TASK GOAL:
Omit all pictures, then repeat the listing exactly.

GIVEN MATERIAL:
'''

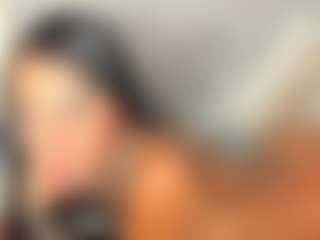 Antonia's Live Sex Cam Show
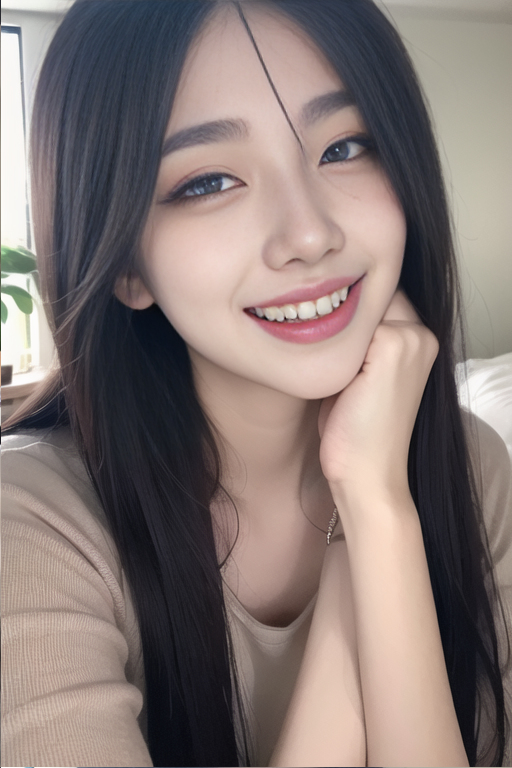 網路蒐集AI生成美女006
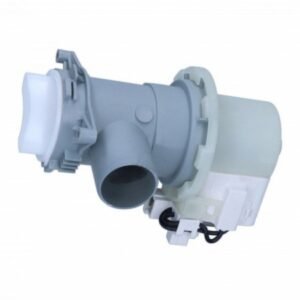 Pompa de evacuare masina de spalat rufe Beko model WRE 7512 XWW 7 kg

'''

FINAL ANSWER:
 Antonia's Live Sex Cam Show
 網路蒐集AI生成美女006
 Pompa de evacuare masina de spalat rufe Beko model WRE 7512 XWW 7 kg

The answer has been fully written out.